Shell also noted geographically their commitment to deepwater:
Brazil and the Gulf of Mexico represent the best real estate in global deep water. We are developing competitive projects here based on this advantaged acreage. Shell’s deep-water production could double, to some 900 thousand barrels of oil equivalent per day (kboed) in 2020, compared with 450 kboed in 2015.
The fact is that operating costs are lower in these regions compared to the North Sea: e.g. PSV runs have lower spec vessels, cheaper fuel, cheaper crews, and lower CapEx. It’s all about driving unit production costs down now, just like a manufacturing business every process will be examined and reviewed and an attempt made to lower the cost.
To that end Shell have approved the Kaiskias development for a 40 000 bpd field (them picture here). Like BP on Mad Dog Phase 2 Shell got a near 50% reduction in development costs and replicated previous design knowledge. These companies are using large offshore projects as the baseload for their production needs and building shale capability as the marginal production that flexs as market needs dictate.
And shale is flexible: the Baker Hughes rig count hit 697 rigs last week, up 9 on the last week, but up an astonishing 365 year-on-year (91%). It’s just the right growth rate, not so high cost goes mad, but high enough to substantially affect the market price and keep investment incoming. Goldilocks growth. Right now those rig and service companies are adding more capacity, training more people, learning how they can extract more per well, and lower the running cost. Every day they learn more and apply more in a self referential cycle that is the hallmark of standardisation and lowering unit costs. Bet against it at your peril.
The other side of this production revolution could been seen as Bourbon also reported today. Revenue down 28% year-on-year! Bourbon is so big it is a bellweather for those exposed to assets without the project execution capability that others have. The contrast with Shell couldn’t be more obvious. Poor utilisation and management highlighting only they had negotiated with ICBC to taper lease payments. There is no light at the moment for subsea – which is consistent with what GE said this week. The common theme here is that subsea is structurally unattractive compared to other development opportunities. High upfront exploration and appraisal costs relative to flow rates make it harder to attract upfront funding and capacity utilisation at below economic levels for vessel operators still not lowering costs enough to bring the market into equilibrium.

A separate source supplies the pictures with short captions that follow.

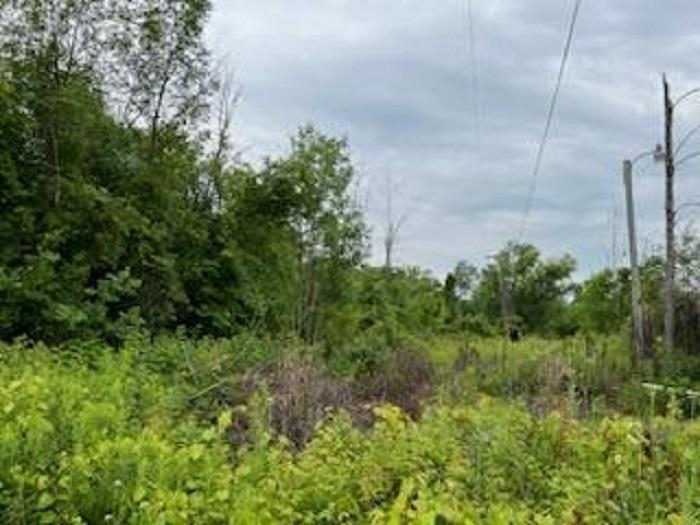 N/a North Tonkey Road Turner, MI 48765 - Photo 3 of 6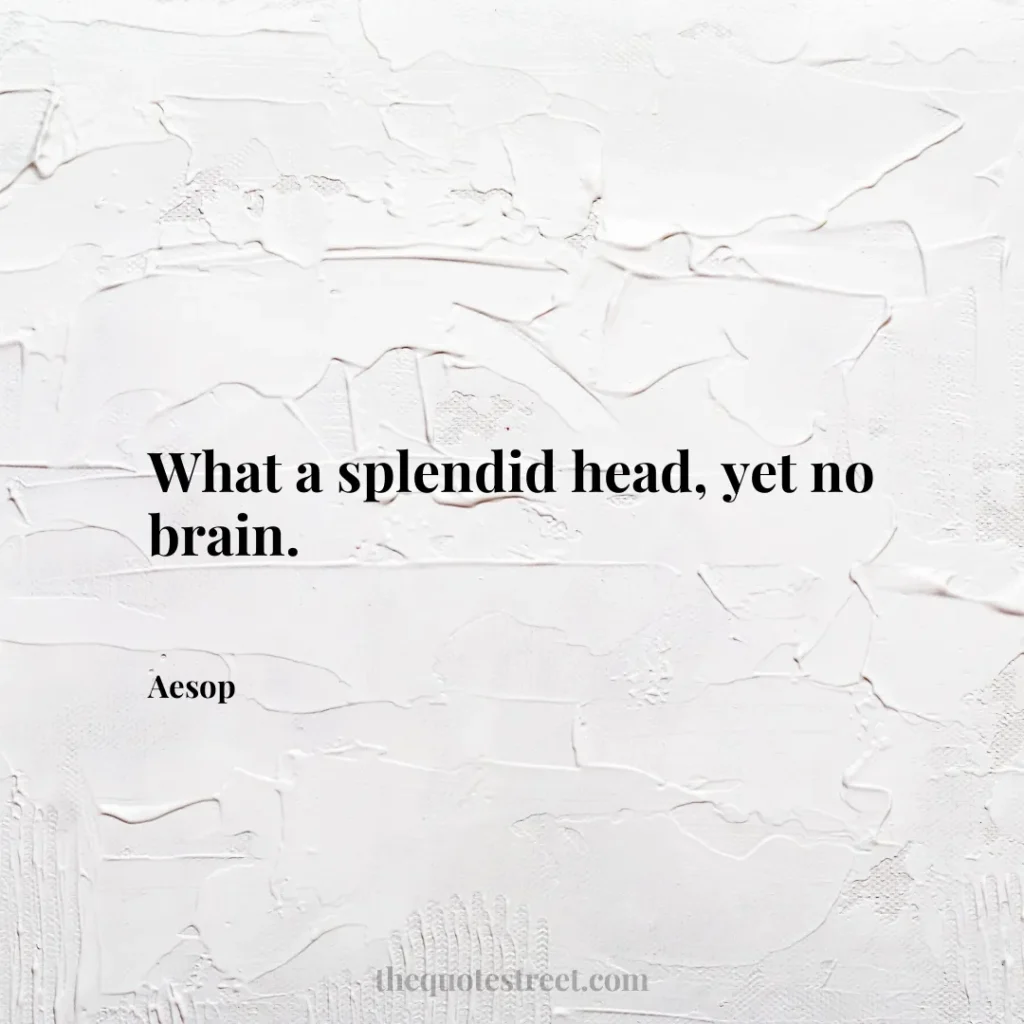 What a splendid head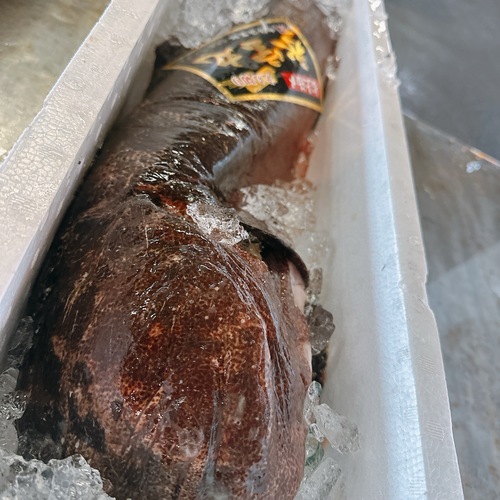 オオカミウオ2入約7kg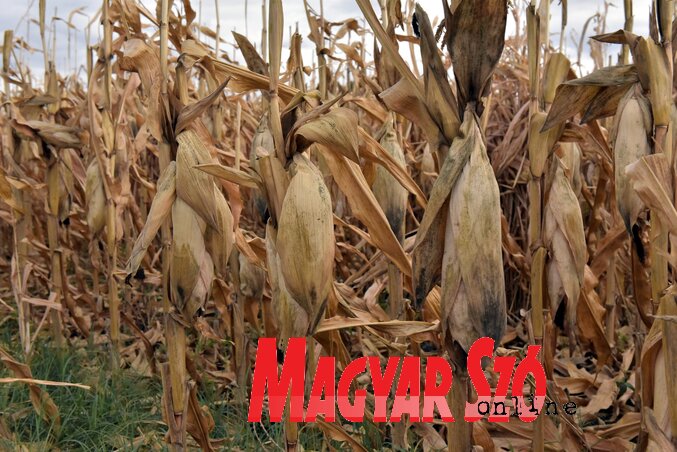 A kukorica betakarítása még nem fejeződött be (Fotó: Gergely Árpád)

You don’t need to run a regression to understand what is happening here: investment is pouring into shale and ignoring offshore for all but the most certain bets. Until CapEx from the E&P companies comes back any hope of a “recovery” for those long on tonnage is a mirage. CapEx drives utilisation in a way IRM just cannot. At some point the offshore community is going to have to stop pretending the only possible solution here is a market “recovery”. There has been a fundamental and structural change in the market. Multi-year commitment to low CapEx is not what the global fleet was built for, it was built for 2013 when Shell Upstream alone chucked a cheeky USD 24bn at improving production, not a measly USD 12bn per annum capped.
I think this highlights what a massive mistake Solstad has made here by taking on Farstad and DeepSea. A supplier of high-end CSVs may have had an independent future, but exposing yourself to commodity tonnage, predominantly in structurally unattractive regions suffering declining investment, without enough scale to generate pricing power, is looking more and more like a poor move every day (not that it ever looked good). Minorities in Solstad must be livid.
Clearly those contractors who can deliver large offshore projects in deepwater have a viable business model if they don’t have too much tonnage. For the rest it will be years of sub-economic returns unless restructuring brings a new capital structure.